She does get to do a few garden jobs though, ones where she cannot murder plants. She and I made a new batch of seaweed brew today. Later I remembered I had comfrey and added some of that to the lidded bucket.

We ate our own broccoli and zucchini as part of dinner tonight. I have quite a bit of silverbeet going to seed and not really the right weather to feel like eating it. I do wonder what makes some go to seed and not others. Perhaps I should wash, chop and freeze some? Perhaps indeed.
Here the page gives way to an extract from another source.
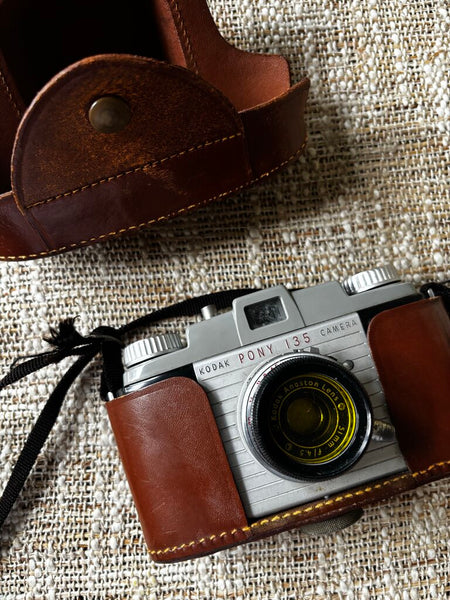 1960'S KODAK PONY CAMERA W/ LEATHER FIELD CASE & STRAP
Tuesday, November 11, 2008

a whole barrowload

We went for a walk allong the beach after dinner this evening. Sin ce our fireworks evening on the beach in the weekend Fionn, who is usually not at all keen on the beach, is now enthusiastic.

We collected lots of fireworks packaging and broken beer bottle glass for the rubbish bin. The most wonderful find was a huge piece of kelp. About two metres long and big branches 40cm wide. I went back home for the wheelbarrow and it just fitted in. We walked back with the barrow piled high with nutritional bounty for the garden.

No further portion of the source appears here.